A ring that graced the block at Sotheby's Geneva earlier this week has shattered the record for any jewel sold at auction, twinkling past its presale estimate of $27-38 million to fetch a flashy $46 million. The gem was snatched up by London jewelry dealer Laurence Graff, who offered his closing bid over the phone with Sotheby's Asia chairman Patti Wong bidding on his behalf. Put up for sale by a private collector, the ring features a dazzling 24.78-carat emerald-cut diamond of a "fancy intense pink" hue, which is the actual classification given its color by the Gemological Institute of America. The auction raised a total of $105 million, exceeding presale expectations of $67-97 million.
This diamond ring sold for $46 million at Sotheby's Geneva earlier this week to London jewelry dealer Laurence Graff, who has named it the "Graff Pink." / Courtesy Sotheby's
When bidding on the stunning lot closed,Sotheby's international jewelry department chairman Dave Bennett immediately announced the world record to an eruption of applause, Sky News reports. Of the gem, last seen on the market 60 years ago when it was purchased from famed jeweler Harry Winston, Graff states: "It is the most fabulous diamond I've seen in the history my career." And Bennett agrees. "It was simply one of the most desirably diamonds I have seen during my 35-year career at Sotheby's," the Sotheby's chairman said in the auction house's statement.

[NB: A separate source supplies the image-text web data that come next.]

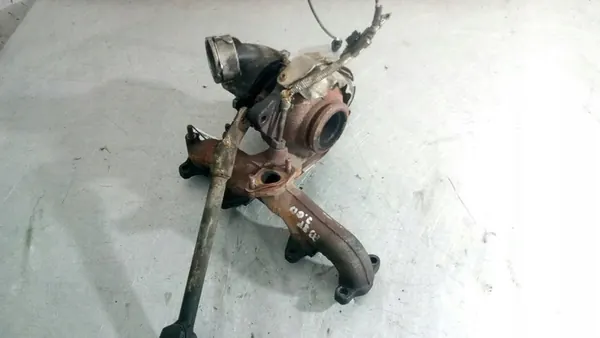Turboaggregat Audi A3 8P 2.0 TDI 140 HK OEM 03G253016H image 2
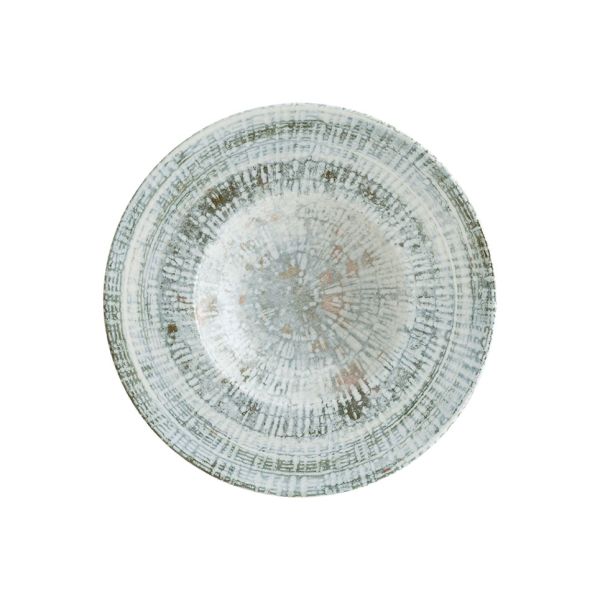 Odette Olive Banquet Deep Plate 28 cm 400 cc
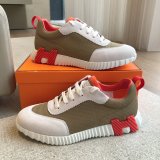 Top Quality HERMES MEN BOUNCING SNEAKER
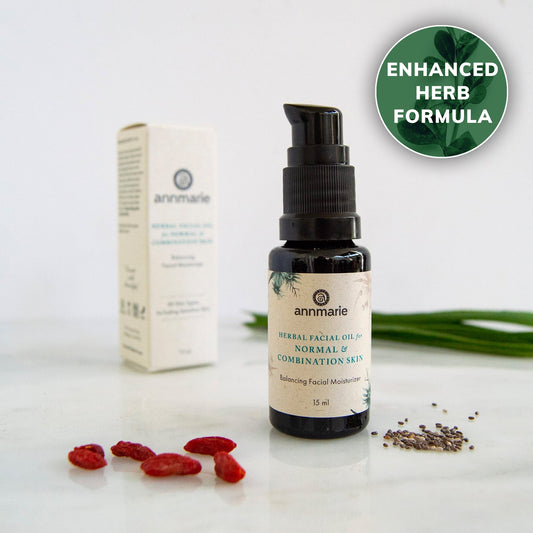 Herbal Facial Oil for Normal & Combination Skin 15ml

The diamond -- an exceedingly rare specimen, as there is a noted scarcity of pink diamonds of more than 20 carats -- has been proudly named the "Graff Pink" by its new owner. In paying the astronomical sum, Graff broke his own previous record for a gem at auction, which he set in December 2008 when he paid $24 million for the 35.56-carat grayish-blue "Wittelsbach Diamond" at Christie's London.
He then re-cut that jewel, raising cries of alarm from gemstone purists who deemed his act that of a diamond vandal. According to Sotheby's, the "Graff Pink" bears a flaw unnoticeable to the human eye. Thankfully, however, it may be removed with non-invasive re-polishing.